The case of the day is WSOU Investments LLC v. TP-Link Technologies Co. (W.D. Tex. 2021). WSOU sued TP-Link, a Chinese company whose offices are in Shenzhen, for patent infringement. It sought leave under FRCP 4(f)(3) to serve process by email to TP-Link’s former US counsel and by certified mail to TP-Link’s US subsidiary. The court granted the motion, and TP-Link moved to dismiss for insufficient service of process.
The court correctly held that the Convention was not implicated, because the method of service it had authorized did not require the transmission of documents abroad. But TP-Link raised another argument, which I’ve covered here before. FRCP 4(f)(3) is part of Rule 4(f), which applies when service “at a place not within any judicial district of the United States.” If you say that service by email on the US attorney is okay because it does not require transmission of the document abroad, how can you also say that the service can be authorized by FRCP 4(f)(3), which applies only to service “at a place not within any judicial district of the United States?”

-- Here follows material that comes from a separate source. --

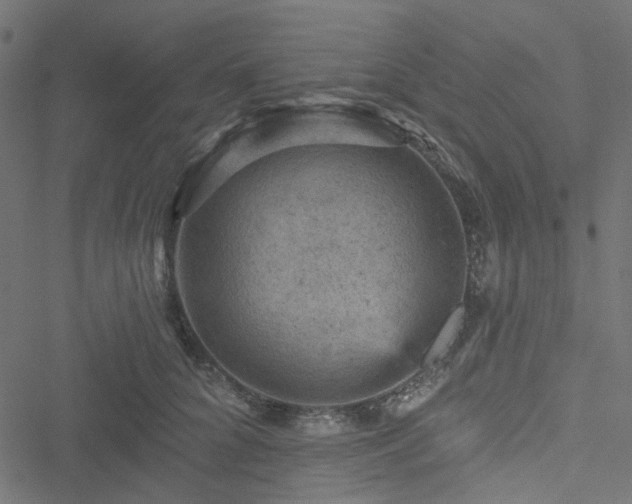 X0000051890704200506241349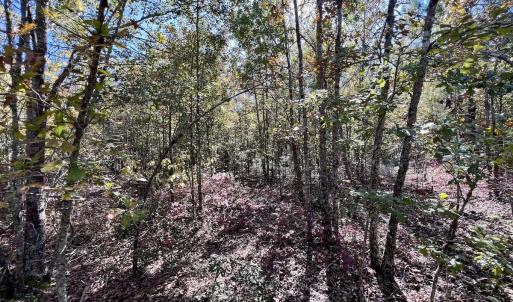 Photo #22 of Off Bay Bush Road, Vanceboro, NC 62.0 acres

It’s a puzzle. One answer is precedent: there are a lot of cases allowing service on a foreign defendant by serving the US counsel. That’s a fair answer, though not very satisfying. It’s the answer the court gave in today’s case. Another answer is to say that you can serve process abroad even if you don’t transmit a document abroad. This requires some fancy footwork: maybe you say that service of process takes place abroad if it has the effect of subjecting the foreign defendant to jurisdiction, even though you don’t transmit a document abroad for service (the language of Article 1 of the Convention) unless you actually send the document abroad. But the first part of this seems a little circular. I don’t know if there is another answer to the riddle.